Le cinéma m’obsédait quand j’étais enfant. Mon père était cinéphile. Ma mère était prof, elle m’a donné l’amour de la lecture. Les livres et les films ont donc occupé une place importante dans mon enfance. Mais quand j’étais très jeune, je ne comprenais pas vraiment comment les films étaient faits. C’est comme s’ils m’étaient transmis, tout fait, par magie. Ce n’est que vers 10 ou 11 ans que je me suis rendu compte que des gens créaient ces films. Et je me suis dit : “Wow, s’il y a une chose que je veux faire dans ma vie, c’est ça!”. Il me fallait juste trouver comment. J’ai grandi dans l’Ohio, près de Cleveland. Je me suis alors creuser la tête pour aller à Hollywood afin de faire des films.
Qu’est-ce qui vous a mené au genre de l’horreur ?

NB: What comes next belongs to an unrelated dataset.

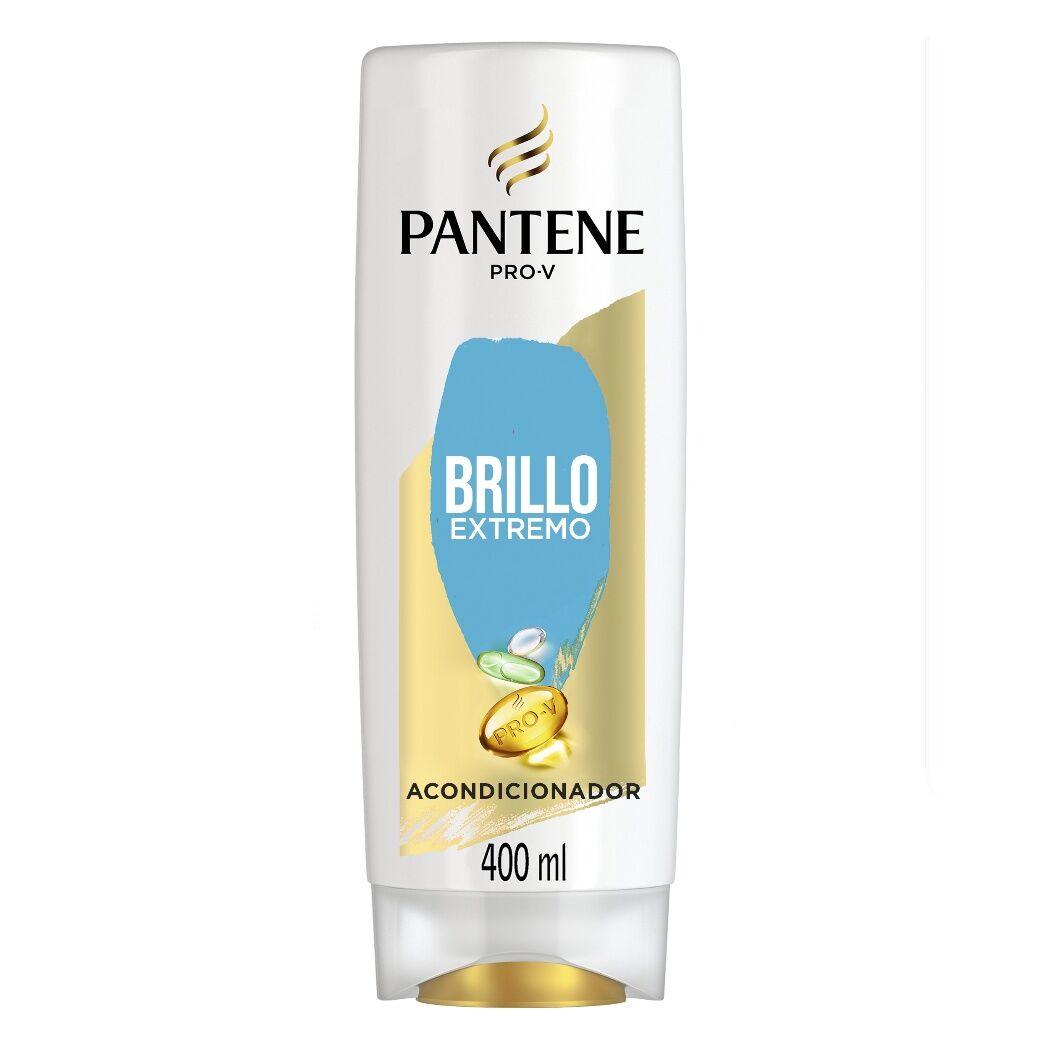 PANTENE ACO BRILLO EXTREMO X 400 ML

Quand j’étais enfant, j’ai vraiment été marqué par l’horreur. Certaines de mes premières expériences cinématographiques les plus frappantes ont été des films d’horreur, des choses qui m’ont vraiment affecté et qui sont restées en moi. Et même si je pense que j’avais vraiment peur quand j’étais enfant, à un moment donné, cette peur s’est transformée en un sentiment d’attraction. Je me suis passionné pour les différentes façons dont je pouvais être effrayé. J’ai aussi grandi en lisant le magazine “Fangoria” et les effets spéciaux m’obsédaient. J’adore les effets spéciaux mécaniques. Je suis fasciné par la façon dont ils sont réalisés. J’aime les films qui sont bricolés et artisanaux, je sens une vraie connexion avec eux. C’est ma ligne de conduite dans mon propre travail, je fais de l’artisanal et du sur mesure.

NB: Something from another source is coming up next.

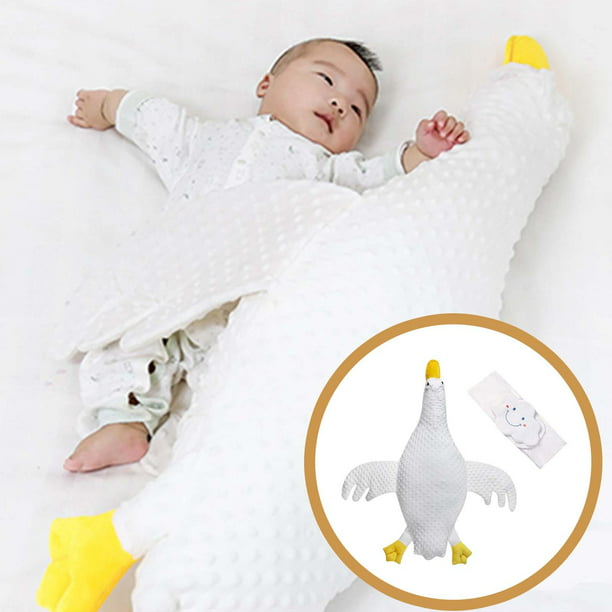Almohada para recién nacidos, funda de almohada extraíble, cómoda almohada  , almohada suave del bebé Hugo almohada para dormir infantil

L’horreur de ne pas être cru
Quelles sont vos principales influences dans le genre de l’horreur ?
Stanley Kubrick est sans aucun doute l’un de mes cinéastes préférés et Shining est l’un de mes films favoris de tous les temps – mais j’adore tout ce qu’il a fait. En grandissant, j’ai vraiment aimé Ridley Scott, Sam Raimi, Wes Craven, John Carpenter. Quand j’ai découvert l’horreur japonaise, c’était avec Hideo Nakata qui a fait Ringu ou encore Kiyoshi Kurosawa qui a fait Cure. Certains de ces cinéastes ont eu une immense influence sur moi. J’ai l’impression que tout ceci a créé comme une bibliothèque pour mon inspiration vers laquelle je m’efforce toujours de tendre.
Le postulat de Laura Hasn’t Slept [une jeune femme pense mourir si elle voit le visage de l’entité qui la poursuit dans ses cauchemars] fait penser aux Griffes de la nuit. D’où vient l’idée de votre court métrage ?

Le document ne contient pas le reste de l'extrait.